Fundamental to the topic Electromagnetic Induction are Maxwell's equations (do not fear these! they are not for memorization or direct problem solving at this level!) These equations are among the most important in physical science, describing how a changing electric field induces a magnetic field, and how a changing magnetic field induces an electric field, and predicting the propagation of light as electromagnetic phenomena. Through special relativity, Einstein reinterpreted electromagnetic phenomena to show that the electric force and the magnetic force were relativistic flip sides of the same underlying electromagnetic force. He readjusted our perspective on Maxwell's equations, saying that they imply 'an asymmetry not inherent in the phenomena' not that they are wrong but that their form of expression leads to a misleading asymmetry between the magnetic field and the electric field arising from a resting observer's terminology.
Okay. The example of the magnetic force between two current carrying wires is helpful to show how this works. I think this example can help quite a bit. From a resting perspective, two parallel wires carrying current in the same direction attract one another by magnetic force. Everybody learns this. There is no electric field around the wires because the wires are electrically neutral overall (there are the same number of positive and negative charges in a given wire segment, though one type of charge is moving). From our perspective, the overall charge density is neutral, although there is a current. Being electrically neutral, there is no electric field around the wire, no electric force, but still they are attracted. Early researchers called this force the magnetic force, distinguishing it from the electrostatic force given by Coulomb's Law.
Let's apply special relativity to approach the problem conceptually. Imagine we are moving along with the charges on one of the wires. What we say is that we are now in the relativistic frame of those moving charges. Looking over at the other wire, what do we see? We see like charges which appear stationary (they are moving along with us) and unlike charges moving in the opposite direction. Everybody who ever watched PBS science specials as a kid has heard how special relativity predicts the contraction of space at high velocity. This is called Lorentz contraction. Due to Lorenz contraction, the space of the unlike charges moving relative to us on the other wire is compressed. This means that the electric field density of these charges appears greater in this relativistic frame. With space contracted, the electric field of the opposite charges from the other wire is more dense from our moving perspective. So while in our original 'resting frame' there is no net electric field, in the frame of the moving charges on one of the wires, there does appear to be a net electric field generated by the unlike charges on the other wire, which causes the wires to attract one another.
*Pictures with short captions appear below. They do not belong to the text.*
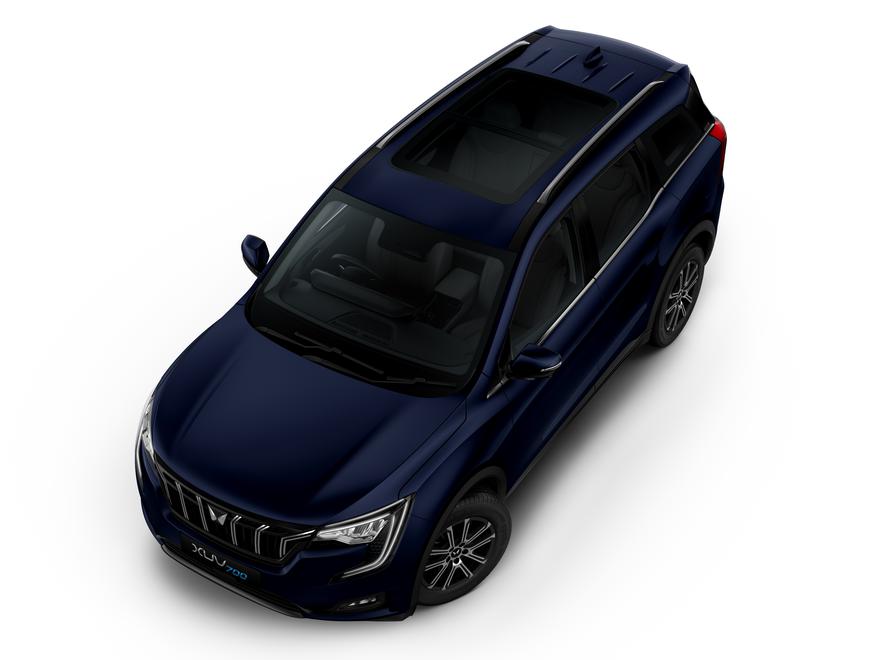 XplorZA's tweet photo. Mahindra's XUV700 is powered by a 2.0-liter mStallion turbo-petrol engine that delivers 149 kW at 5000 rpm and 380 Nm of torque from 1 750 rpm.
Mahindra XUV700 R474 999
Mahindra XUV700 AX7 – R524 999
Mahindra XUV700 AX7 L – R559 999
#HelloSkyroof #HelloXUV700 #xploreza https://t.co/WsBeiTPlYp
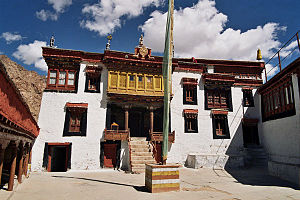 Likir-Gompa-02.jpg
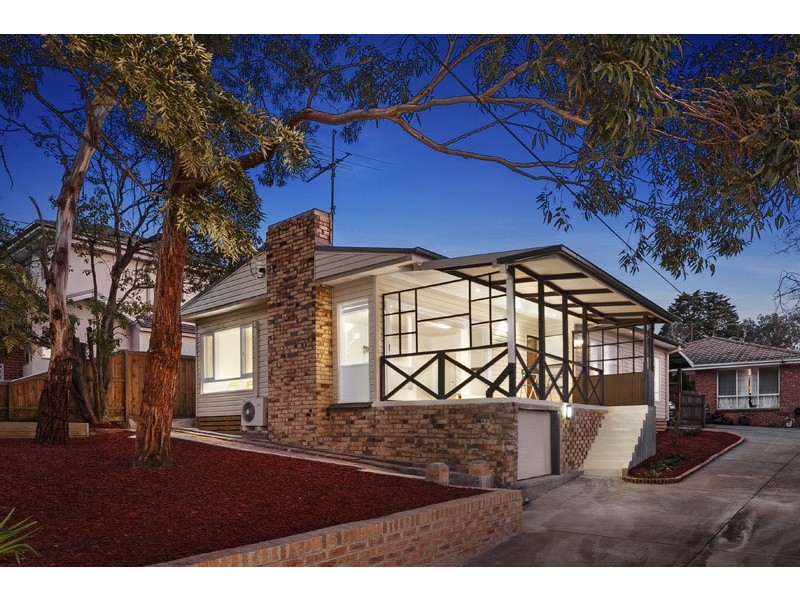 1/8 Glenview Road, Doncaster East VIC 3109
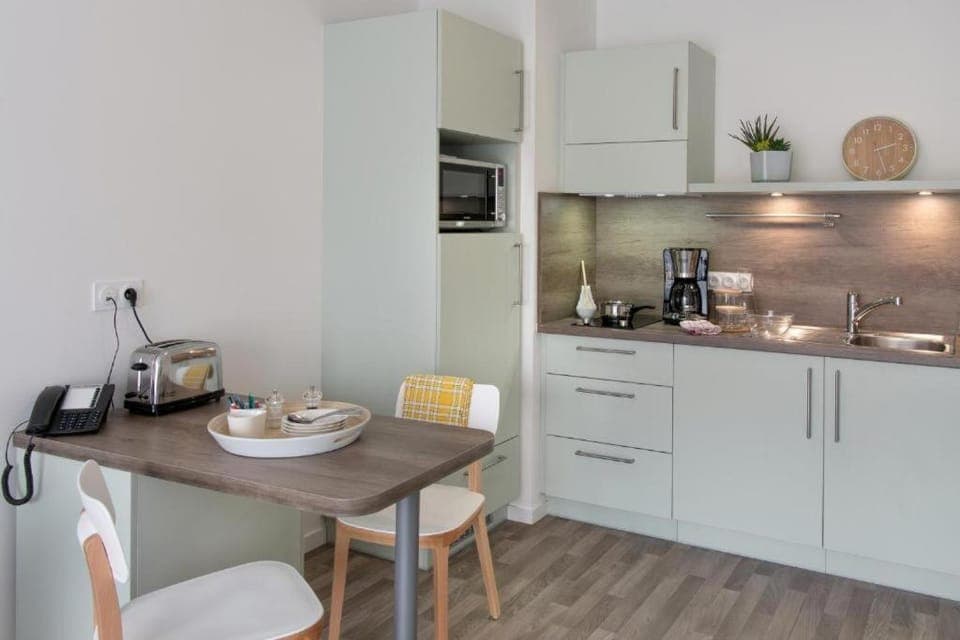 Kitchen or kitchenette, Dining area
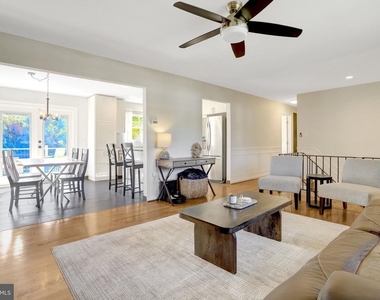 7907 Donelson Street - Photo Thumbnail 7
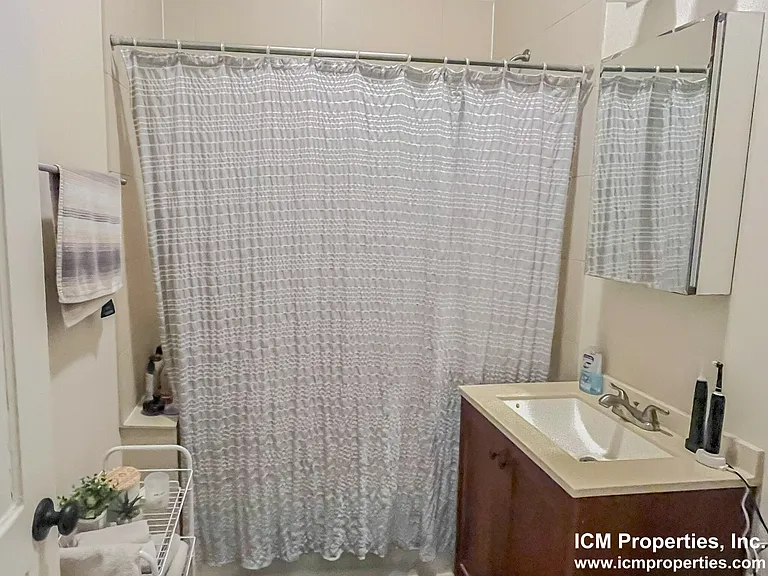 2950 N Racine Ave #1 — Photo 8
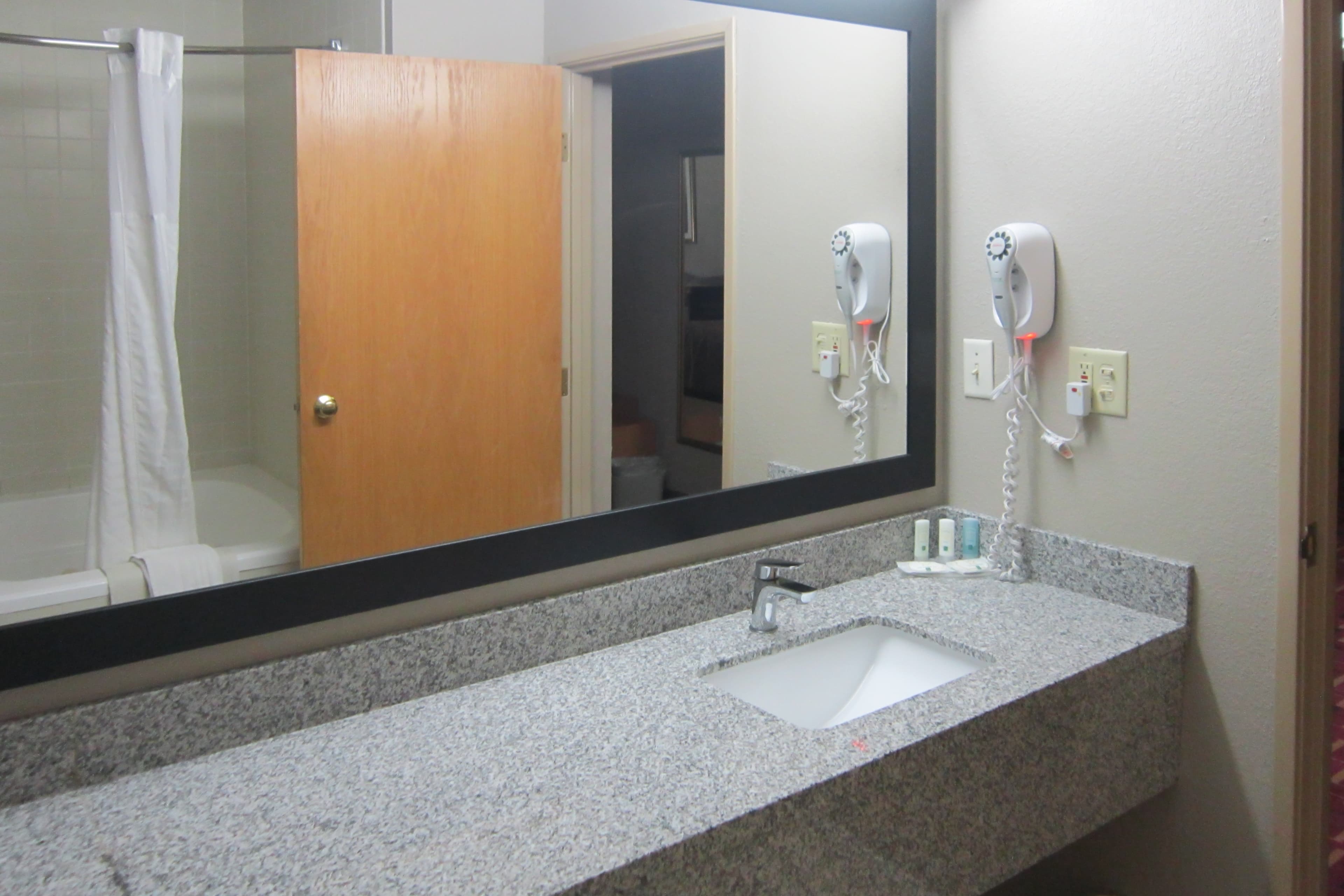 Quality Inn Nashville - Bloomington — 17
What Einstein is saying is that the 'asymmetry' between the electric and magnetic field is just a convention. The difference between the electric and magnetic fields is not inherent to the phenomena. The asymmetry occurs to us as resting observers because of our point of view. The mathematical way to say this is that the electric and magnetic fields are not isolated vectors. They transform into each other when you change frames. Really, they fit into a different object, a 'tensor', that behaves very nicely under Einstein's relativity. Maxwell thought he had two vector fields, electric charges, and four dynamic equations connecting them. Einstein realized that there was one electromagnetic field tensor.
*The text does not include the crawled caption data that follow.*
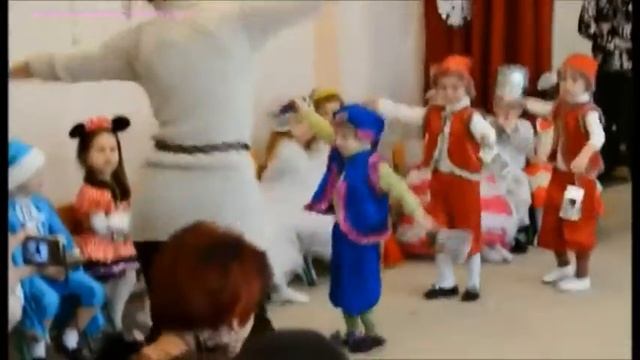 УГАР!!! Синий гном зажигает на детском утреннике! ведущая в северодонецке 2016 смотреть онлайн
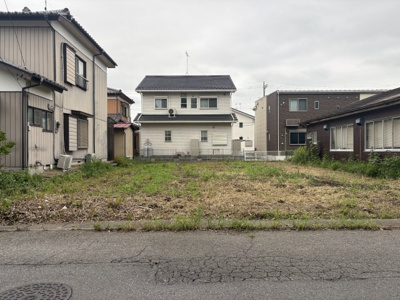 【前面道路含む現地写真】 | 【羽生市東第３期　現地外観】
※令和８年８月時点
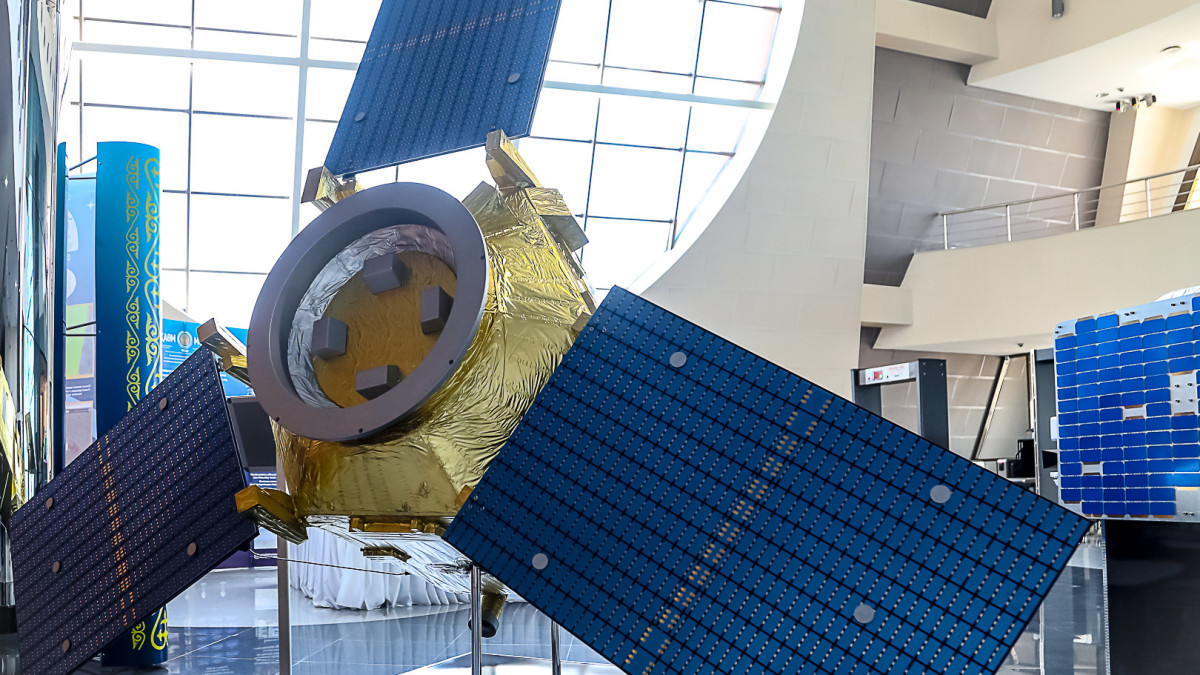 В Казахстане выделили 10,4 млрд тенге на спутник KazSat-3R для интернета в отдаленных селах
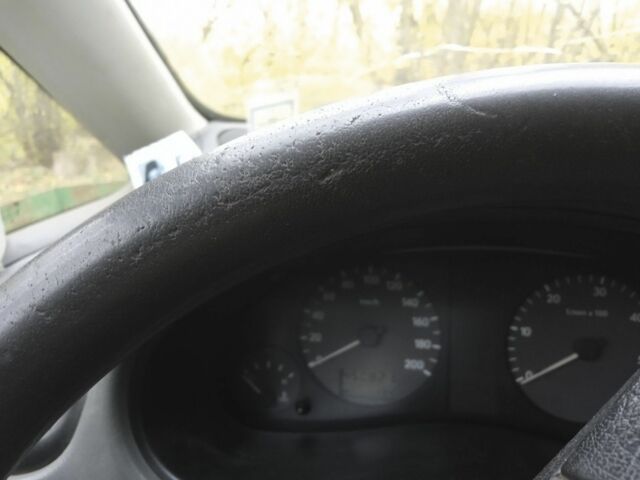 Зеленый Фольксваген Шаран, объемом двигателя 0 л и пробегом 450 тыс. км за 1100 $, фото 3 на Automoto.ua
Now, of course, the MCAT will never ask you about the relativistic basis of the apparent asymmetry of electricity and magnetism. Nevertheless, I have found that students feel more comfortable within basic magnetism through this understanding. Now you can see what all the right hand rules are doing, what the purpose is of drawing the magnetic field looping around a current. It is just our way of orienting ourselves in space to account for the directionality of Lorenz contraction to predict whether or not, and in which direction, magnetic force is occurring.